Q&A: Change on the menu for Blue Lemon’s longtime owner
WESTPORT — Since 2003, Blue Lemon has been a staple among the often-changing players in the downtown dining scene. On April 9, chef/owner Bryan Malcarney will close the restaurant doors after 13 years while he continues to run his other restaurant, Rory’s in Darien.
The owners of the Le Penguin Bistro in Greenwich are expected to take over Blue Lemon’s Sconset Square space and open a French bistro.
Malcarney, born in New Jersey, grew up in Wilton after moving there as a second-grader, said his mother’s cooking had a profound impact on his interest in the culinary field. Through high school and college, he worked at restaurants and bars in various capacities.
After graduating from St. Lawrence University, Malcarney attended the French Culinary Institute in Manhattan to hone his skills. He worked as a chef at Pietro’s in New York City and in Anguilla. When he returned from the Caribbean, he opened Blue Lemon and bought Rory’s in 2008.
In a recent interview with the Westport News, Malcarney talked about his experiences running a restaurant in Westport.
Westport News: Where did your interest in cooking start?
Malcarney: I learned to cook with my mom more or less. Started cooking with her when I was a kid whatever she was making. She was into making everything from scratch. If we had Mexican food, she would make her own tortillas. She just taught herself to cook. I kinda always wanted to have my own restaurant so that’s kind of the way it evolved.
WN: What was the impetus for closing Blue Lemon?
Malcarney: I’ve been here 12 and a half years, it’s kind of one of those things we needed to either re-invent the place or sell, and it’s been a long time, I don’t have the energy really to put into re-inventing this place. I would like to work a little less, see my kids.
WN: What’s one of your fondest memories about Westport?
Malcarney: I loved working with the DMA (Downtown Merchants Association) and doing a lot of their events.
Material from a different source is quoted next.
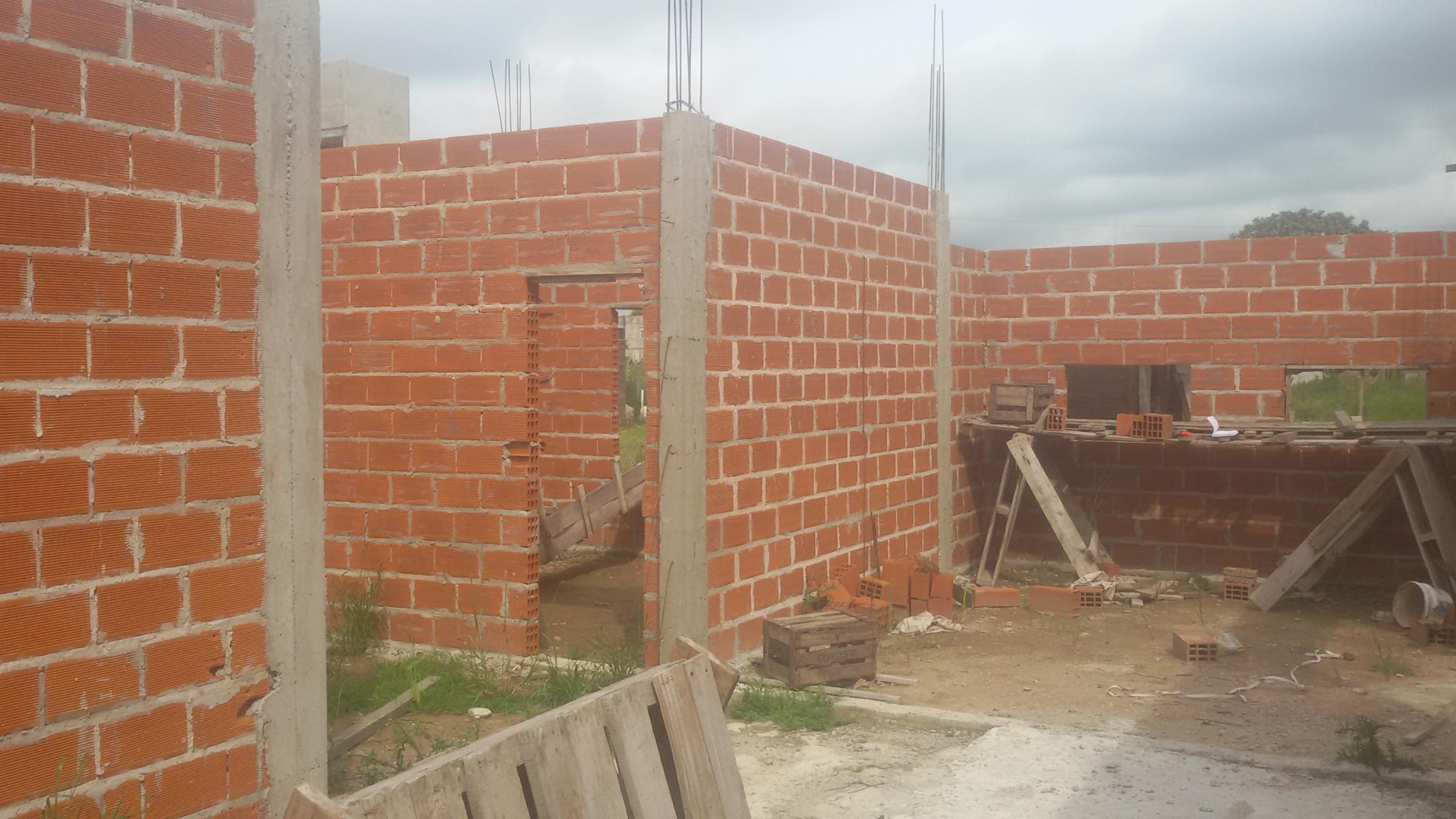 TERRENO CON CONSTRUCCION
I think in the time that I was here they did a lot of great stuff like the Blues and BBQ Festival, when they closed Main Street and did that Art About Town. I think that’s unique stuff where it really kind of puts Westport on the map.
WN: Are you going to miss the clientele?
Malcarney: Oh yeah, they’re great, I mean we have some great regulars. I appreciate all the people who have been coming here for years. I’ve had customers who have been my customers since the day we opened and they still come now and that’s really nice to see. They become your friends.
WN: What aspects keep you interested and motivated to run a restaurant?
Malcarney: It’s cool to go to the Westport Farmers Market and see what vegetables are coming around in season and using those vegetables to make a special that night or different fish coming in a season, or it’s winter and you start doing more stews, so I think that’s the fun stuff. What drives me is making people happy. By far the part I enjoy the most is the cooking which in turn makes the customer happy, which is what I like.
WN: Do you feel that all the downtown construction has adversely affected business?
Malcarney: I think one problem is that there’s been a large number of restaurants that have opened in Westport and those have diluted the pool. There’s only a finite number of people in Westport. How can those people support all the restaurants? So I think it’s hard. I’m sure the construction hurts some, it’s hard to park. When it’s done they’re going to have more restaurants. I think one challenge that almost all the towns around Fairfield County are facing is how do they grow responsibly, that’s a tough thing. I think Westport should close Main Street and make it a pedestrian walkway and have some trees in the middle and benches. They way the town is growing you want Main Street to be a focal point and it seems like it’s getting lost a little due to everything.